All records that follow are to be copied exactly, with images omitted.

[Dataset items]
======

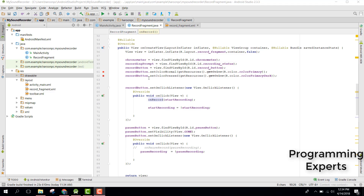Welcome to another video on Android app development. This is part 8 of my video series on a sound recorder app using Android Studio. In our previous video, we had completed the onRecord method inside our RecordFragment, and now in this video I am going to show you how to write the code for the onPauseRecord method.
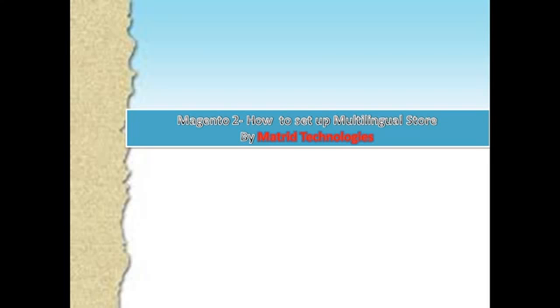Greetings of the day, my friends. This is Ruhani Bakshi on behalf of Maitreed Technologies, welcoming you all to the learning session of Magento 2: how to set up a multilingual store.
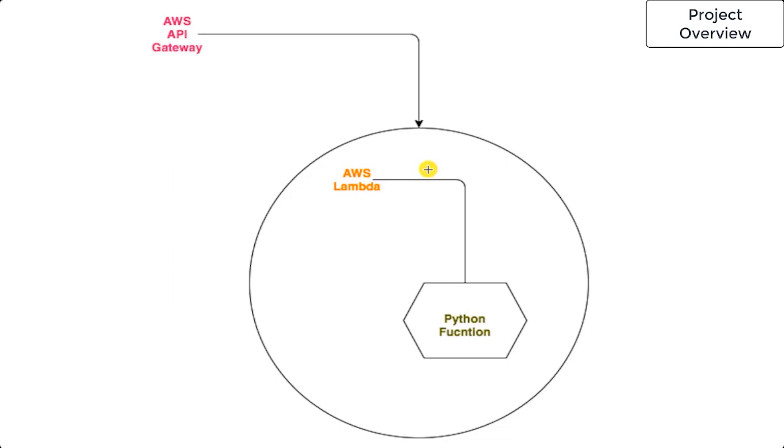We have an API Gateway here as you can see, which will have a URL that we're going to be creating. Before diving in, let me give you the crux of what this entire project is going to be.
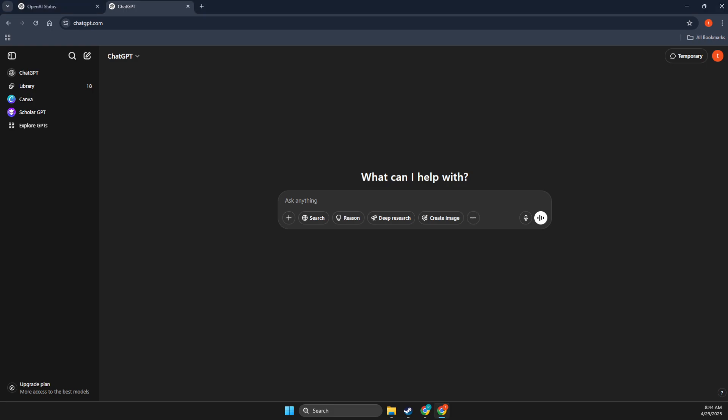Hey guys, in this video I will show you how you can fix ChatGPT slow responses. So without further ado, let's get started.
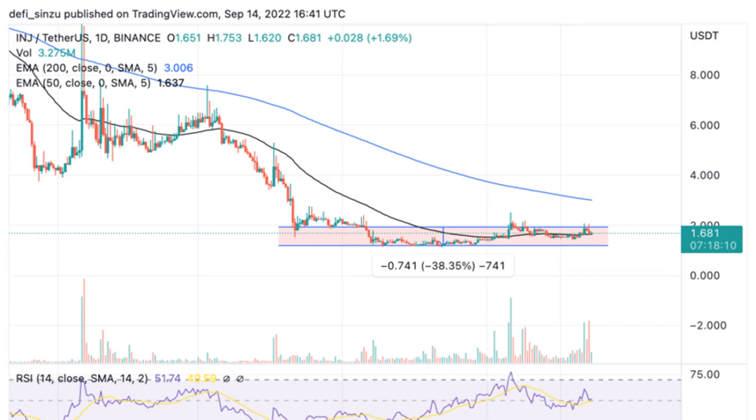The price of INJ bounced off after touching a weekly low of $0.90, and the price rallied to $1.70, showing some great strength.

======

▶ [EXPECTED ANSWER]:
Welcome to another video on Android app development. This is part 8 of my video series on a sound recorder app using Android Studio. In our previous video, we had completed the onRecord method inside our RecordFragment, and now in this video I am going to show you how to write the code for the onPauseRecord method.
Greetings of the day, my friends. This is Ruhani Bakshi on behalf of Maitreed Technologies, welcoming you all to the learning session of Magento 2: how to set up a multilingual store.
We have an API Gateway here as you can see, which will have a URL that we're going to be creating. Before diving in, let me give you the crux of what this entire project is going to be.
Hey guys, in this video I will show you how you can fix ChatGPT slow responses. So without further ado, let's get started.
The price of INJ bounced off after touching a weekly low of $0.90, and the price rallied to $1.70, showing some great strength.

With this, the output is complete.